— WHAT THE TASK REQUIRES —
Look through the data below and output, unchanged, every line from the one holding "Funko Pop! Movies: Terminator" through the one holding "PLAKAT NIEMIECKI BIG TIME RUSH", inclusive. Skip the pictures.

— DATA SECTION —
==================================================

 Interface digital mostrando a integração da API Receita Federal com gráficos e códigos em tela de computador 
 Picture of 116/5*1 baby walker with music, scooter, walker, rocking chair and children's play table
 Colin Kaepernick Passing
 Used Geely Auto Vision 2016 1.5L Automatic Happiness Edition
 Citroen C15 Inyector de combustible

==================================================

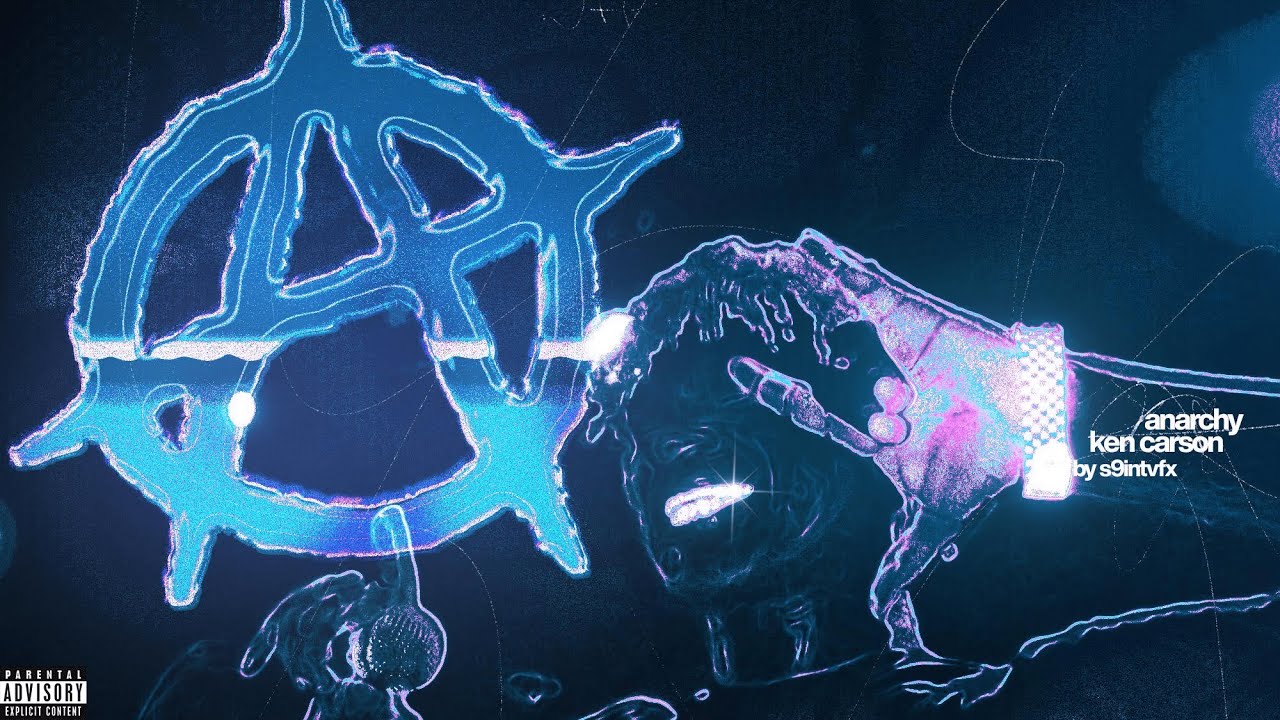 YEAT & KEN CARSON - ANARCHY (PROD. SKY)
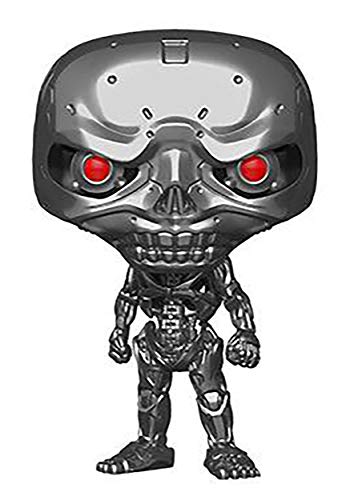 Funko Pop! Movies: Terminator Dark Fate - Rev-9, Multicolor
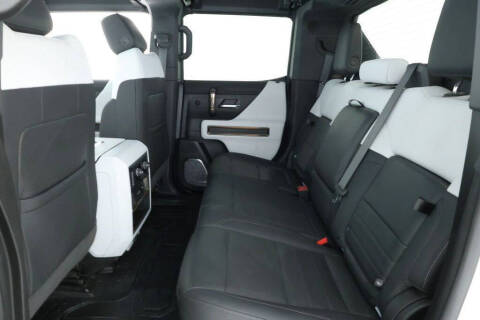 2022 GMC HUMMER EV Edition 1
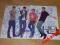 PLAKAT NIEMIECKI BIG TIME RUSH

==================================================

— SOLVED EXERCISE —
 Funko Pop! Movies: Terminator Dark Fate - Rev-9, Multicolor
 2022 GMC HUMMER EV Edition 1
 PLAKAT NIEMIECKI BIG TIME RUSH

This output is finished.